133号や130号特に134号の心理状態が心配だ。3号も殺したくない人を殺してそれで責められていると流石に苦しいはず。
足を止めて5人の方へ振り返る。全員の顔色が悪くかなりくらい様子だった。限界だろう。
「あなた達は採掘地域から離脱して。」
すると全員は皆動揺したような顔をしていた。頭が追いついていないらしい。あんな事があった今、心理状態の悪い戦闘員が戦っても足手まといだ。
「つまり…2号1人で任務をやるってことだよね…?」
「なんで2号がそんなことする必要が…?!」
134号はこの状況でもかなり察しが良かった。でもそれを聞き入れるなり130号が動揺し始め、133号が何かを考えている様子だった。
この中じゃ今話が通じるのはおそらく133号だけだろう。
「つまり、私たちの心理状態が芳しくないから足手まといという事ですか?」
「そうだよ。この中で今1番理性的に動けるのは133号だけだからね。」
やっぱり何か考え事をしている様子だった。3号はずっと黙っていた。やっぱりこの子はもうダメだろう。私は失敗作だから、壊れても問題は無い。
とりあえず説得してこの人達にさっさと離脱してくれないと私の心がもたない。
「大丈夫、私は失敗作だから損失は少ない。」
「だからって何も1人で行く必要はない…。」
3号は優しいけど、君が行く必要も無い。成功作である君に死なれられると私も困っちゃうからね。
「さっさと離脱しなさい。このメンバーで行っても失敗するだけ、7号の死を無駄にしたくないならさっさと離脱して。」
冷たいことを言い背を向ける。全員は黙った状態だったが追ってくることも無いだろう。わざわざ嫌われるようなことをしたんだから、心配などしない。
走って工場エリアへ行くが意外にも人がいなかった。何か違和感を感じ、辺りを見渡すと1人女性が工場の真ん中を歩いていた。
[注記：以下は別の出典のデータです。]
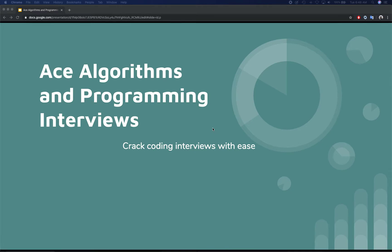We are back with this new video course, and this one is exciting because we're going to talk about algorithms and programming interviews. We're going to be learning algorithms and data structures using practical examples, and we're going to solve lots of problems — real technical interview questions that have been asked by big companies like Google, Apple, Amazon, Airbnb, and Netflix.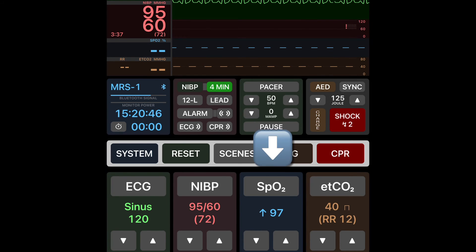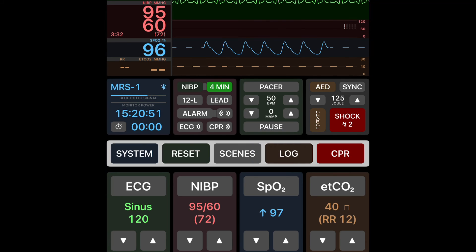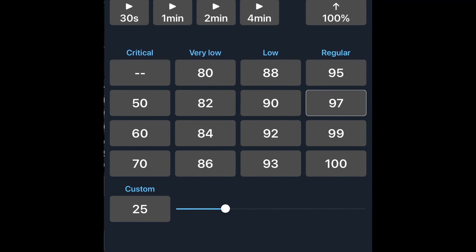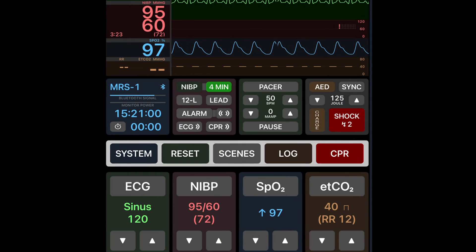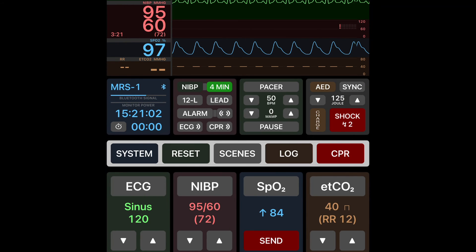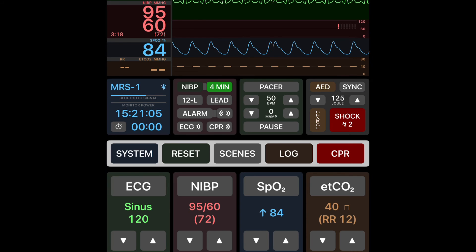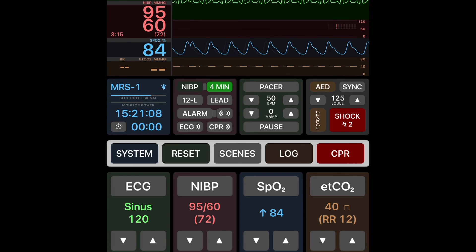Next let's look at SpO2. Just like the preceding sections, the bottom button must be green for the student to see their selection. They have four columns to choose from or a custom SpO2. Once you hit send you'll see the display change and reflect your new SpO2.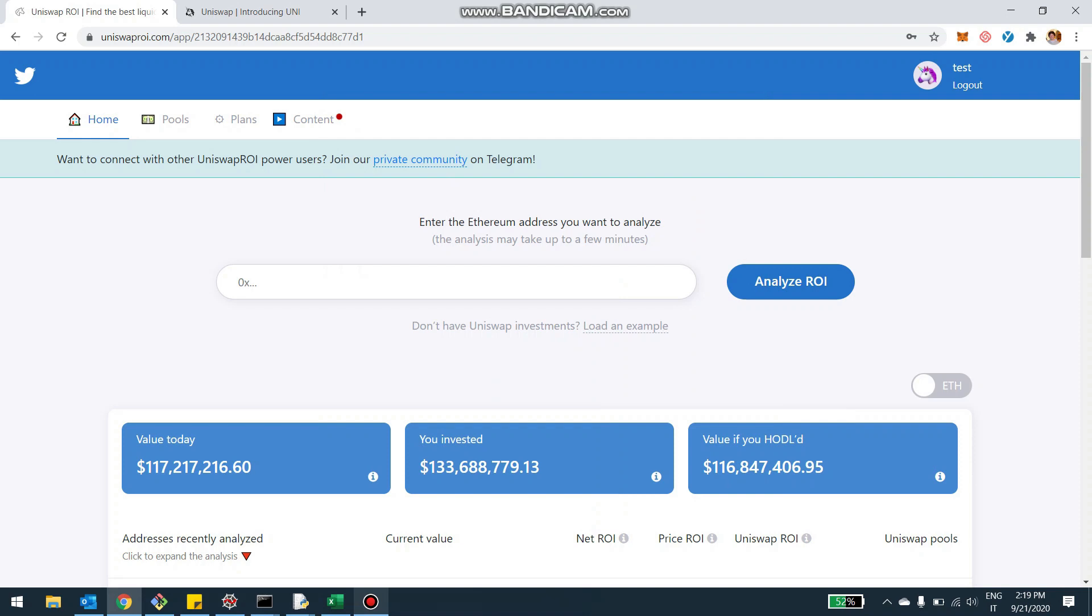Hey, what's up you guys? I wanted to update you on the recent progress on uniswap.roi.com, especially to track the uni farming.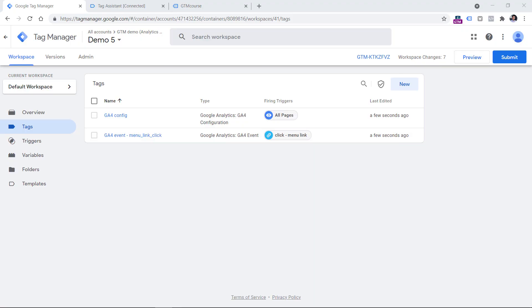The first reason might sound very obvious for most of you, but this is actually the place where most beginners make mistakes. The first reason why a Google Tag Manager tag is not firing is because you have misconfigured your Google Tag Manager trigger.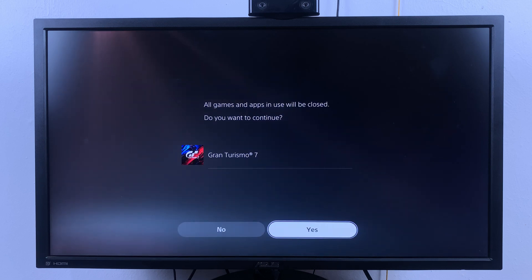And of course, if you have any games running, you'll have to exit those games, so press yes.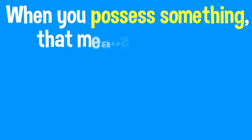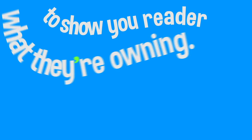When you possess something, that means you own it. Now that you're playing, you got to show it. Stop! Freeze! Three, two, one, go! Now mark your apostrophe after the owner or owners to show your reader what they're owning.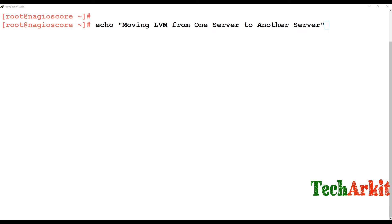Hi friends, welcome to Tech Ark IT YouTube channel. My name is Ravi. In this video session we are going to see how to move an LVM from one server to another server, or how to migrate an LVM from one server to another server without losing the data.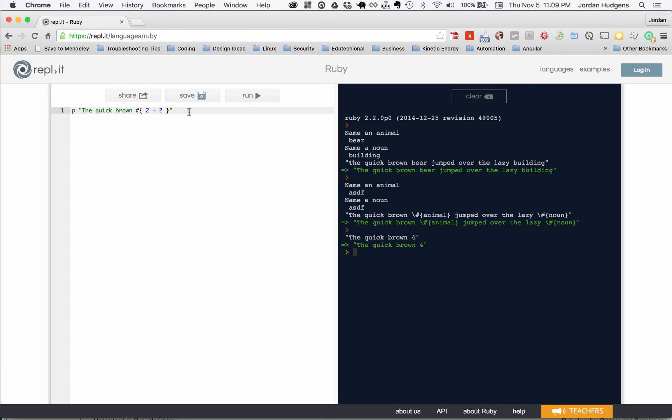What to do to make sure it works - make sure you always use double quotes whenever you're doing it and remember that it's nothing tricky, you're just rendering Ruby inside of those values in the string.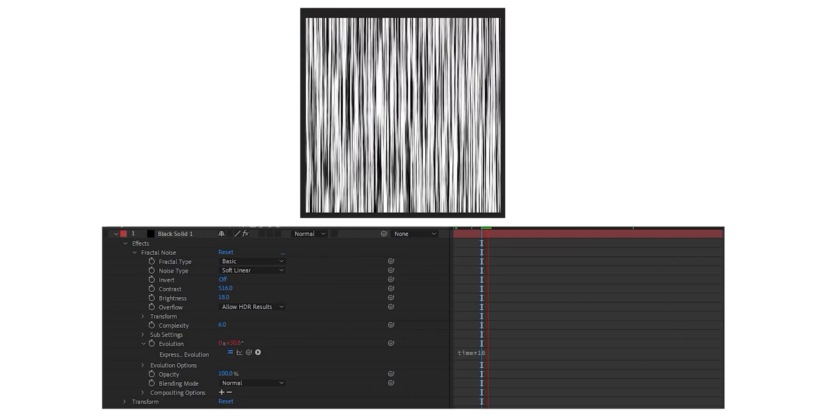Time * 10 — you see how slow that is? So yeah, time * 1000. Now we've got the lines, we've got them animating.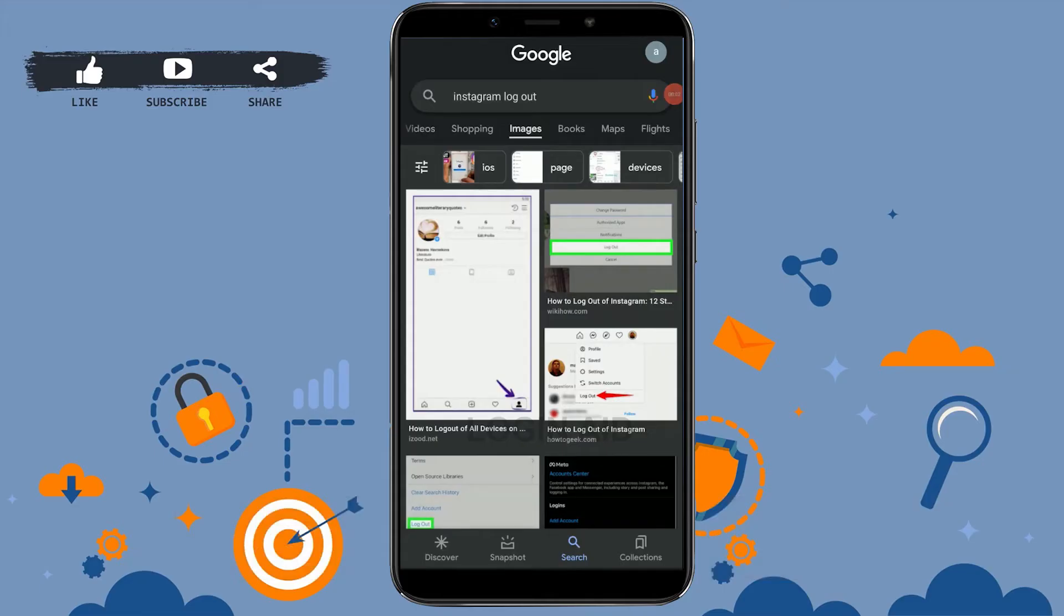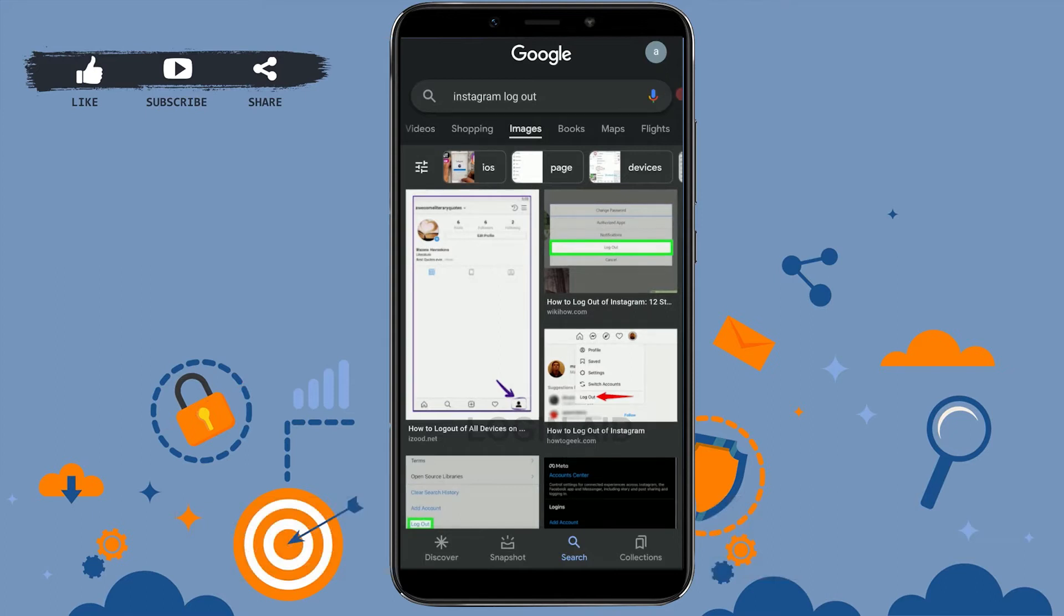Hello everyone, welcome back to the Login Aid channel. Today I will be showing you how you can log out from your Instagram account. So first, what you need to do is open the Instagram application.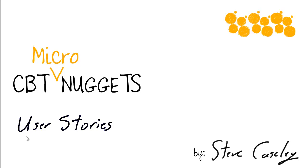Hi, I'm Steve Casely from CPrime Nuggets, and this micro nugget is focused on writing good user stories.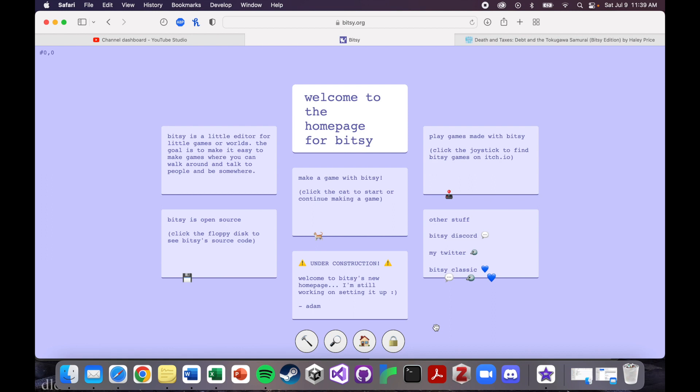Alright, let's get started on the Bitsy tutorial series. So the first question, of course, is what is Bitsy? As it says on the website, Bitsy is a little editor for little games or worlds. The goal is to make it easy to make games where you can walk around and talk to people and be somewhere.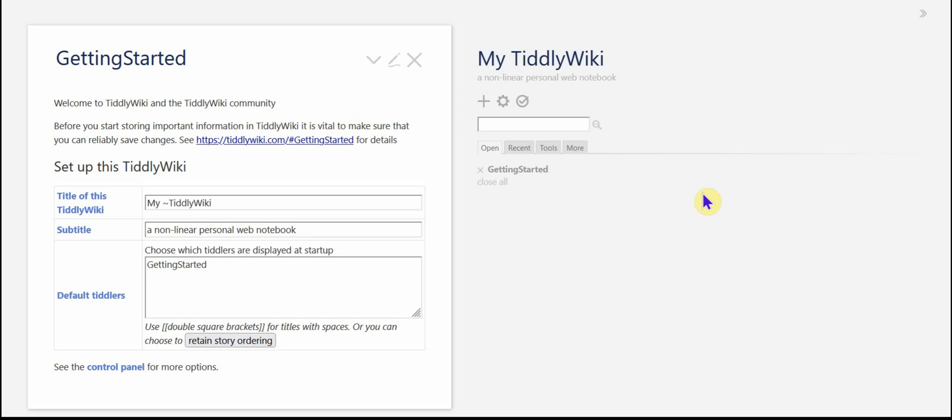Hi, my name is Dave Gifford. I'm a user of TiddlyWiki and I'd like to show you some of the basic customization you can do for TiddlyWiki to make it more to your liking.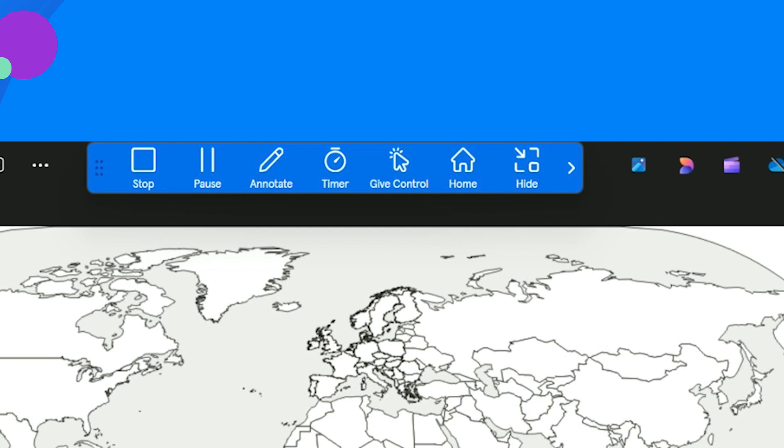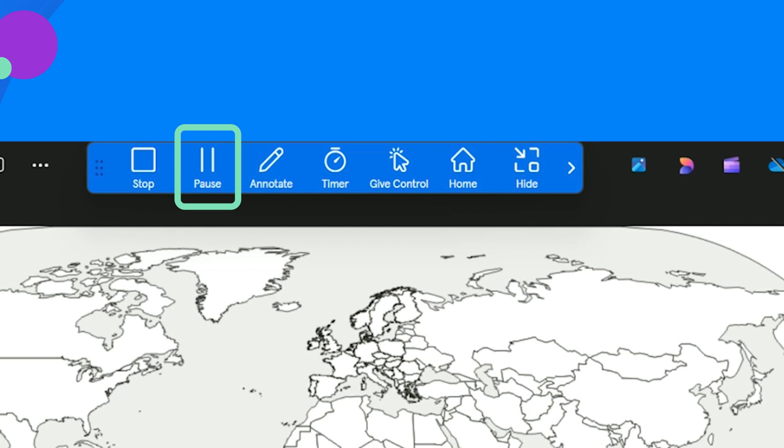Let's review the toolbar features. Stop immediately stops sharing. Pause freezes the shared content on the display, freeing up your device to complete other tasks. Annotate allows you to capture any content shared to the classroom display and annotate the content in the whiteboard with one click.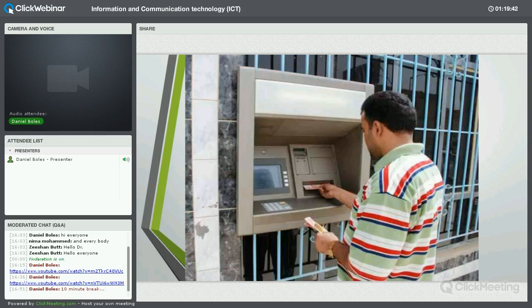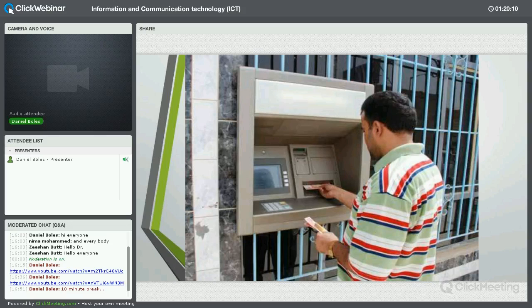ATM machines are another area. There's a lot of tangential information technology being used in terms of banking other than just taking money and checking balances.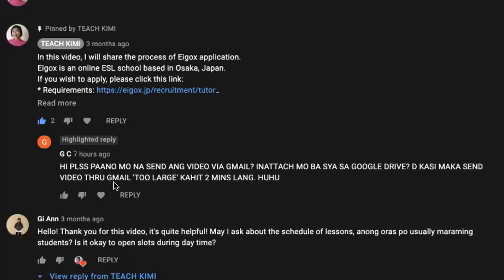Hello, teachers and future teachers. This is Kimmy of Teach Kimmy. In this video, I would like to answer the question from GC. Let me just share my screen.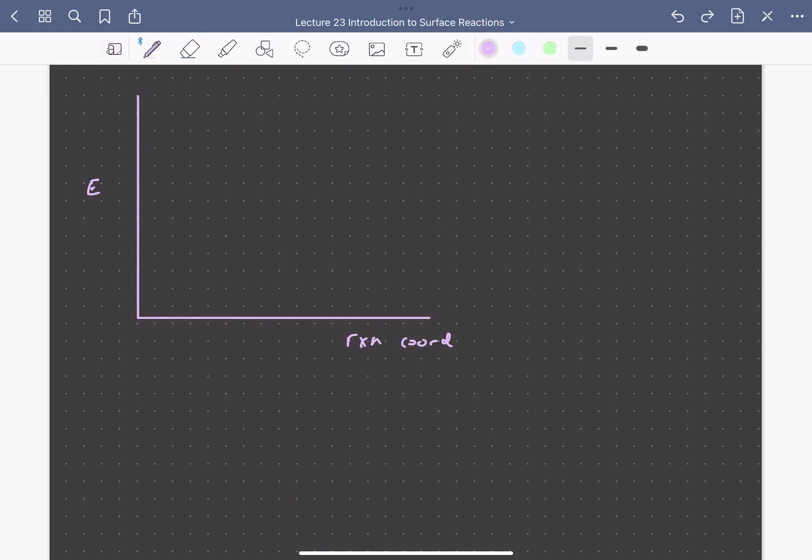So let's say we have our reaction A plus B going to C. The endpoints here are just dictated by the thermodynamics of these reactants and product species. These cannot be changed by the presence of a catalyst. However, the energetic landscape or pathway going from reactants to products is influenced by the presence of a catalyst.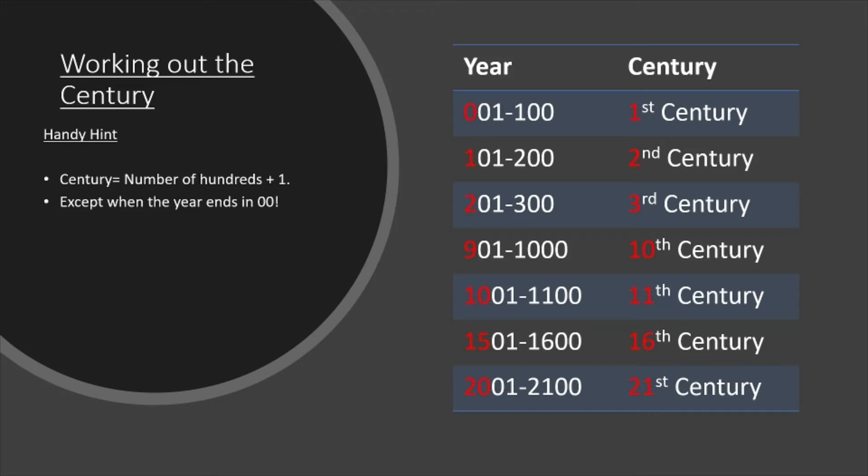So the year 1, for example, has no hundreds in the year. So that 0 plus 1 gives us 1, which is the 1st century. Then again, if we look at the year 101, there's one hundreds. You add 1 to that, you get the 2nd century.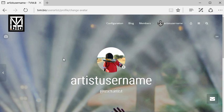Other users will see the change immediately. Thanks for watching another tutorial from TVM.bio.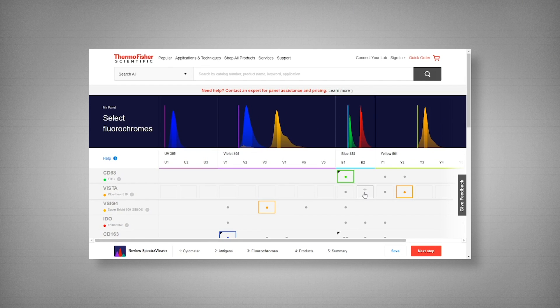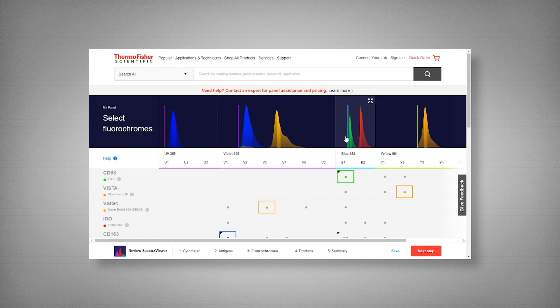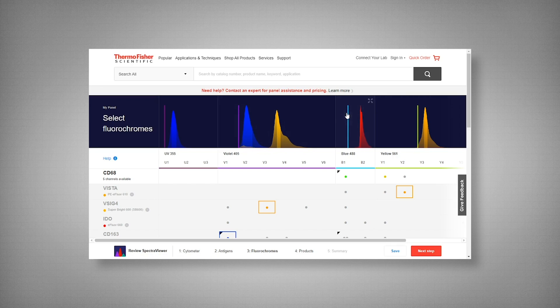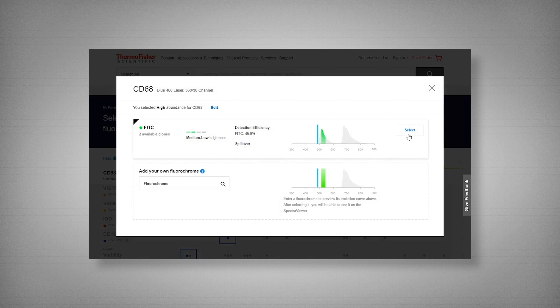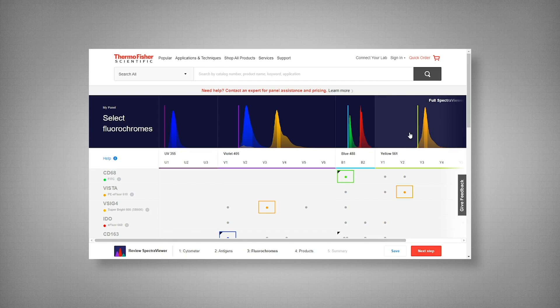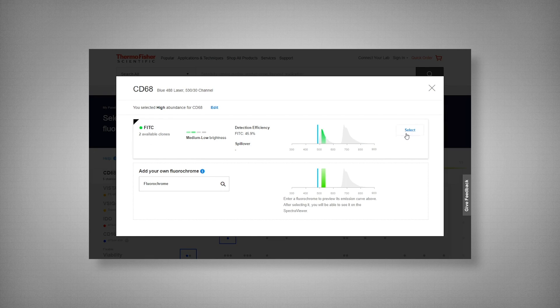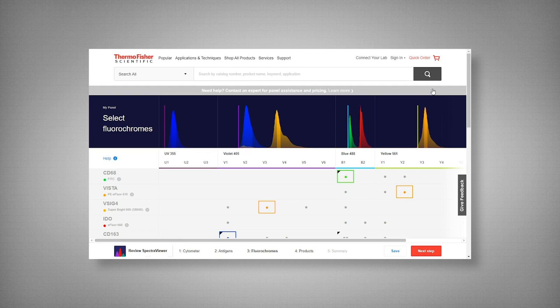A great thing here is also our built-in spectra viewer to look at our emission spillover and spread. Now this populates as you pick your colors. So if we go back to our CD68, I will deselect, and you can see here that it's been dismissed. And we will go back and select, and now it appears. Another great thing when choosing your color is that it also tells you how many clones and which clones in particular are available for that fluorophore.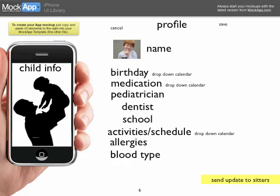Now we're going to enter our children. The profile page for entering children includes birthday — it will be a drop-down calendar where you hit a button and put the month, day, and year, and the age should pop up automatically. The obvious fields are pediatrician, dentist, school, allergies, and blood type.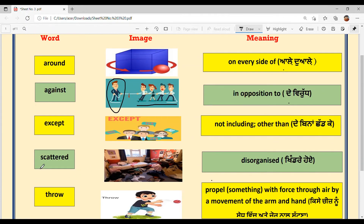Next is S-C-A-T-T-E-R-E-D, 'scattered.' The pronunciation is 'scattered' and the meaning is 'disorganized' — khidre hoe, bikharna, phail jaana. You can look at your own room and see how things are scattered — clothes spread all over. The example sentence is: 'The birds scattered on hearing the gunshot' — jado panchi si o saare bikhar gaye, ur gaye, goli di awaaz sun ke.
隠れて隙を窺う。黒髪ロングの女性、顔は半分笑顔で半分悲しみのような白黒としたお面で見えない。
「出てきなさい。失敗作」
こいつもしかして…
「久しぶりじゃない。この裏切り者が」
2号は姿を見せるなり女性に対して憎しみに近い視線を向けていた。長剣を構える。女性は持っていた鎌を抱えあげてみせた。
「失敗作の癖して、あなたってばまだ廃棄処分されてなかったのね?さっさと死ねばよかったのに。」
「まるで自分は成功作と言わんばかりだな。お前が逃げたから私がこの生き地獄を続ける羽目になったんだ。トコイ」
2号は女性を”トコイ”と呼んだ。その女性は仮面で顔が見れないが多分2号のことを睨んでいる。
2号は怒りを抑えるために唇を噛む。そしてトコイに向かって斬りかかる。剣を振り下ろし横に振り、だが全てトコイの鎌で躱される。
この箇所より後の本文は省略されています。